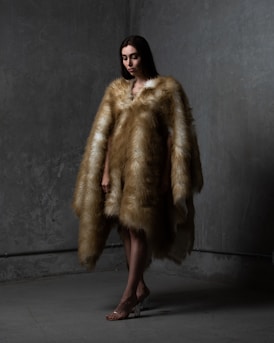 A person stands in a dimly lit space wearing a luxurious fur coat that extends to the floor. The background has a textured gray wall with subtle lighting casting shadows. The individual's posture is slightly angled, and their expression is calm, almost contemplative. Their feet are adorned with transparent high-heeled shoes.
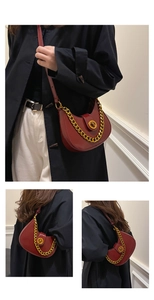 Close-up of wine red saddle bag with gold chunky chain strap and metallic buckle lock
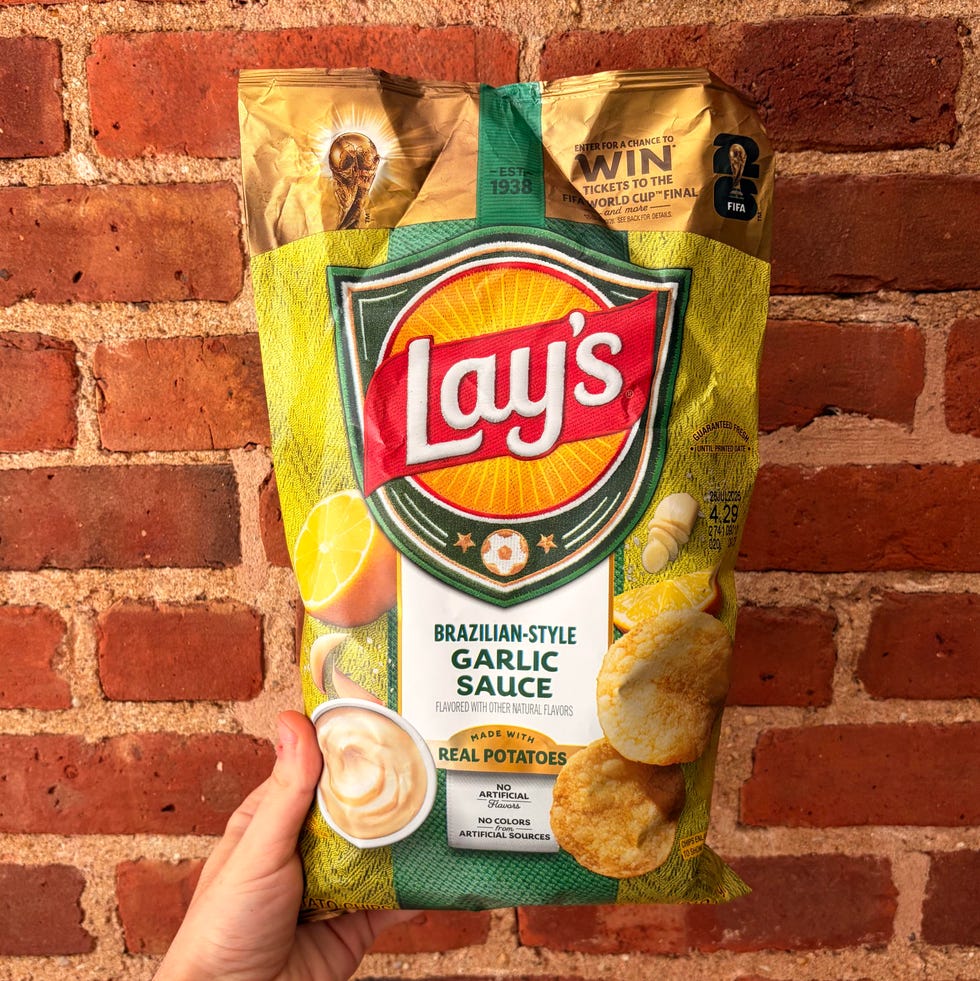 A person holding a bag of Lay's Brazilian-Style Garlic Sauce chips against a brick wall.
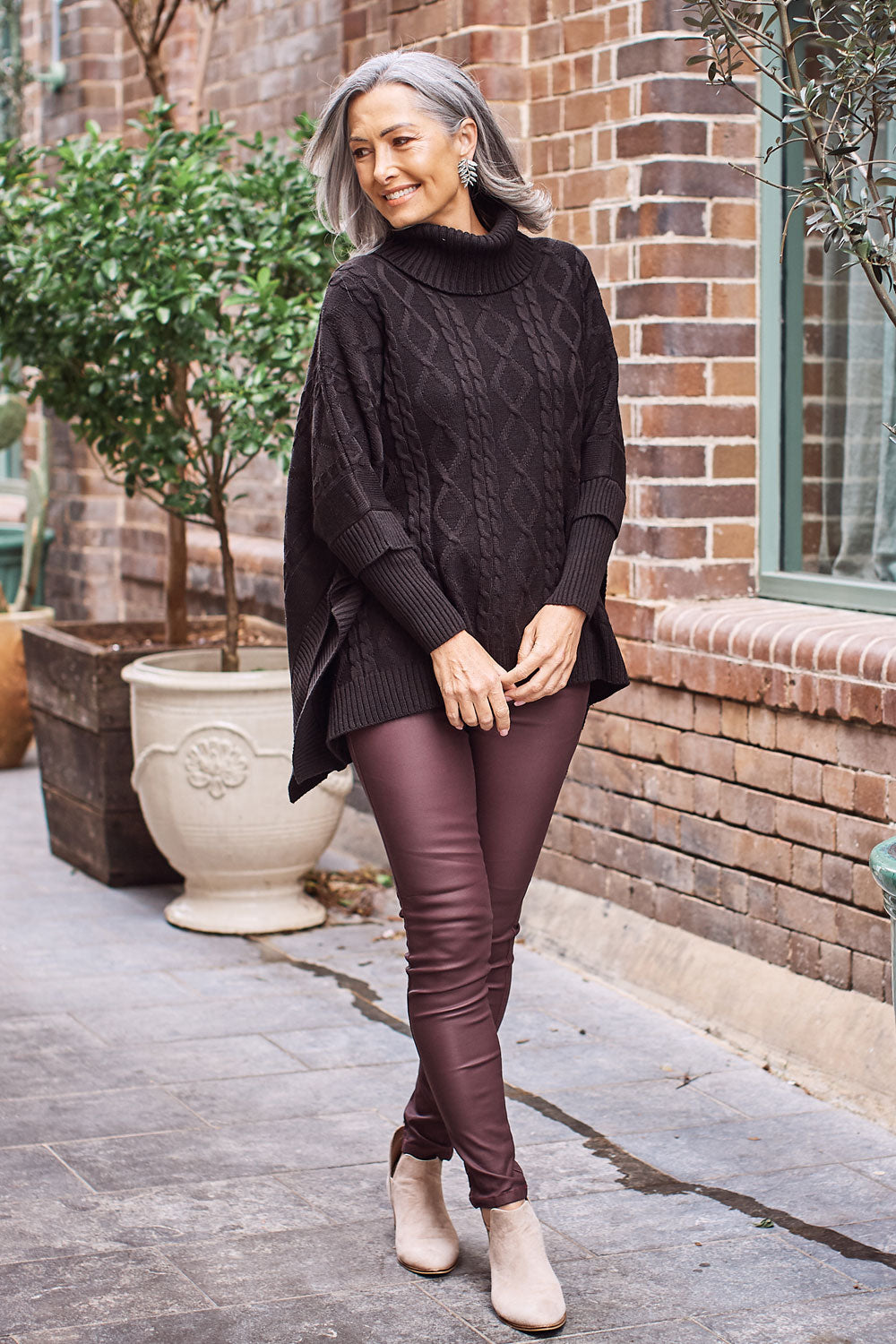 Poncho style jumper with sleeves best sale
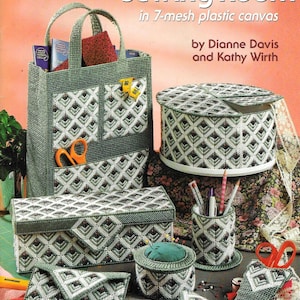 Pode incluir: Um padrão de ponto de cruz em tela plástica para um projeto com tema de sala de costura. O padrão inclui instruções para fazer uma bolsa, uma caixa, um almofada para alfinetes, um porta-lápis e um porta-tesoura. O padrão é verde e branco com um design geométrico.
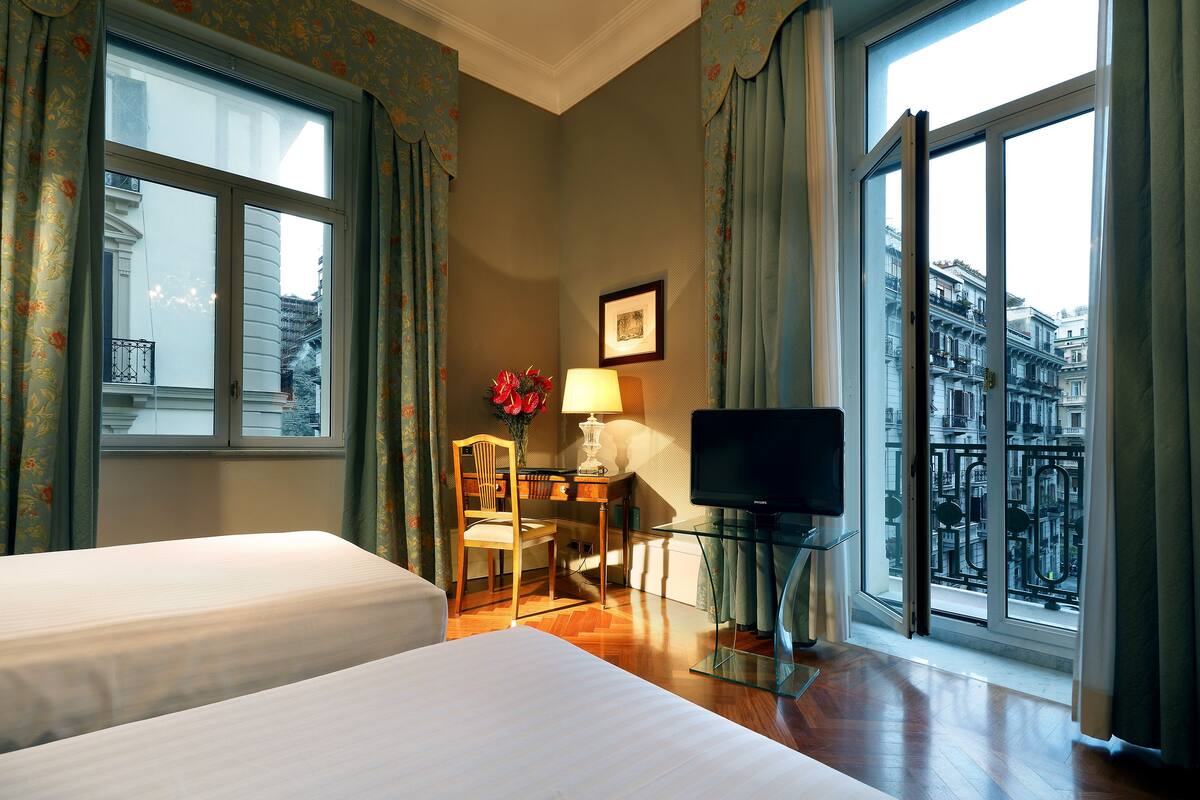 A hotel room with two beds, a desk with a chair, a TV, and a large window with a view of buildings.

◆ ◆ ◆ ◆ ◆ ◆ ◆

Task to complete
Copy nothing but the lines from the line that contains "Pode incluir: Um" through the end of the listing, exactly, and keep pictures out of it.

Answer to this exercise
 Pode incluir: Um padrão de ponto de cruz em tela plástica para um projeto com tema de sala de costura. O padrão inclui instruções para fazer uma bolsa, uma caixa, um almofada para alfinetes, um porta-lápis e um porta-tesoura. O padrão é verde e branco com um design geométrico.
 A hotel room with two beds, a desk with a chair, a TV, and a large window with a view of buildings.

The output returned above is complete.